Wrotham Park damages (named after the decision in Wrotham Park Estate Co Ltd v Parkside Homes Ltd  1 WLR 798) evolved to address this problem. Alternatively called an award of “negotiating damages” or “hypothetical bargain” or “licence fee” damages, the principal behind an award on this basis is that the claimant can recover such a sum as the defendant would have paid it had the defendant, before breaching the contract, negotiated a release of its obligations by the claimant. Where such damages can be recovered, it does not matter that the employer is unable to show that it has suffered loss, or indeed whether the parties would have agreed a deal in any event is entirely irrelevant – provided the claimant can establish that a hypothetical fee should be paid, that is enough to give rise to some remedy.
The attraction to claimants of an award of Wrotham Park damages is obvious; difficulties in identifying financial loss (because, for example, it may be difficult to establish the business had been lost because of the defendant’s actions), can be addressed simply by reference to a hypothetical scenario upon which the Court, at its sole discretion, can adjudicate upon.
In Morris-Garner and another v One Step (Support) Ltd  UKSC 20, however, the Supreme Court has curtailed the circumstances in which an award of, what it prefers to call “negotiating damages” can be awarded. The Court was asked to determine: (1) where a party is in breach of contract, in what (if any) circumstances is the other party to the contract entitled to seek Wrotham Park damages; and (2) whether the Court of Appeal had been correct to uphold the trial judge’s finding that such damages were available in this case.

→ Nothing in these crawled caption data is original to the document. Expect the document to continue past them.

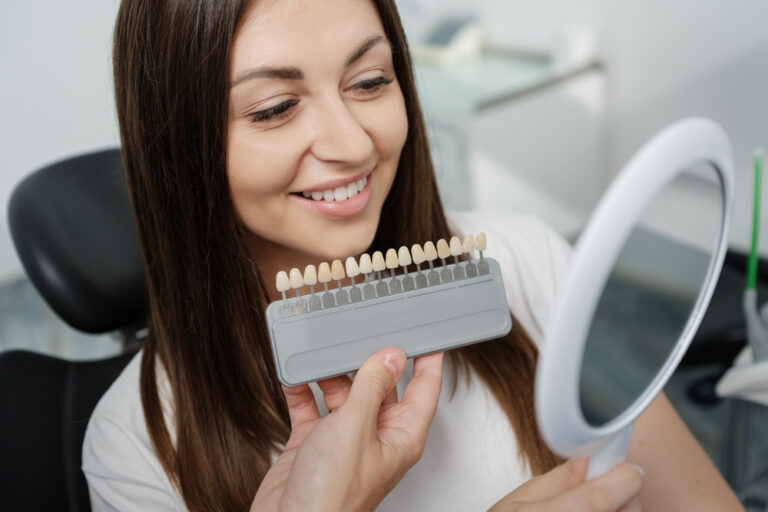 How Long Do Dental Veneers Last?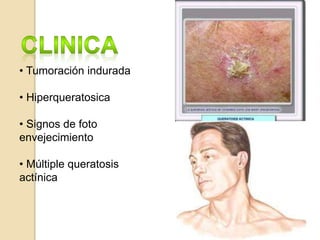 • Tumoración indurada
• Hiperqueratosica
• Signos de foto
envejecimiento
• Múltiple queratosis
actínica
 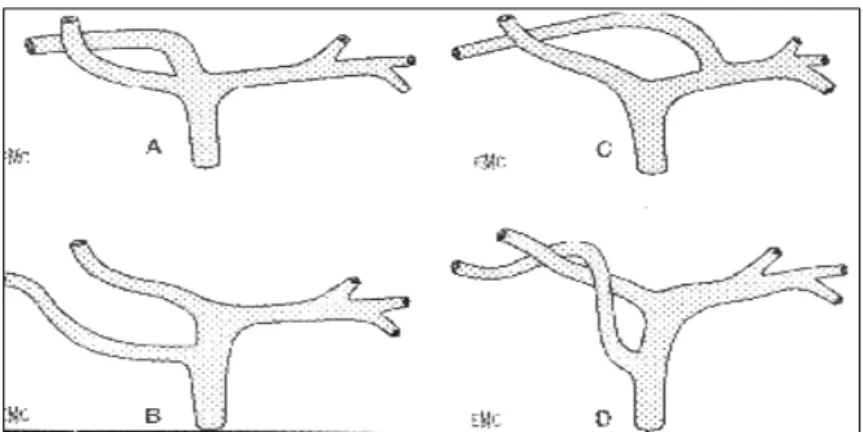 Figure    7: variations du confluent biliaire supérieur         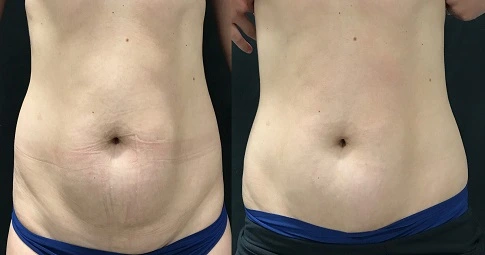 CoolSculpting Fat Freezing before and after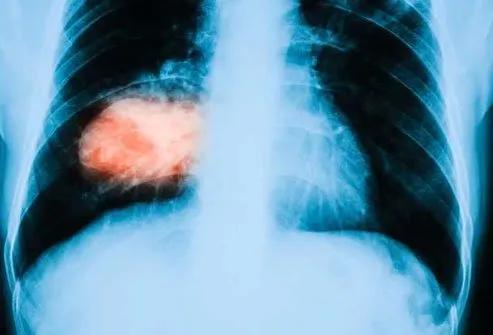 Turmeric: Scopri i sorprendenti benefici per la salute e l’alimentazione sana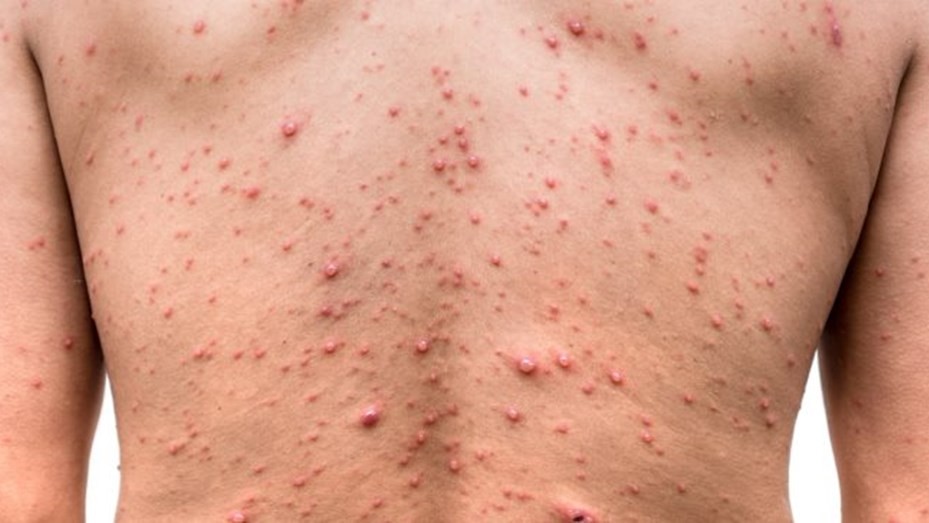 La OMS aseguró que la viruela del mono ya no es una emergencia sanitaria global | Noticias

Dismissing the Court of Appeal’s decision that such damages were appropriate on the facts of this case, the Supreme Court held that negotiating damages can be awarded for breach of contract where the breach resulted in “the lossa valuable asset created or protected by the right which was infringed, as for example in cases concerned with the breach of a restrictive covenant over land, an intellectual property agreement or a confidentiality agreement” (the rationale being that the claimant has been deprived of an asset to which a value can and should be assigned). This would include breaches of joint ventures (where the defendant uses confidential information to its advantage) or breach of agreements not to make use of certain intellectual property. It does not, on its face, however, include breach of non-compete or non-solicitation clauses, for which loss is typically purely economic and assessable by other means.
However, despite the Supreme Court’s endeavours, there remains a degree of ambiguity as to the circumstances where negotiating damages are available. Whereas it was made clear that negotiating damages were not to be regarded as the norm, no definitive view of when they would be available was provided; the applicability of such a method of calculating loss remains largely fact dependent.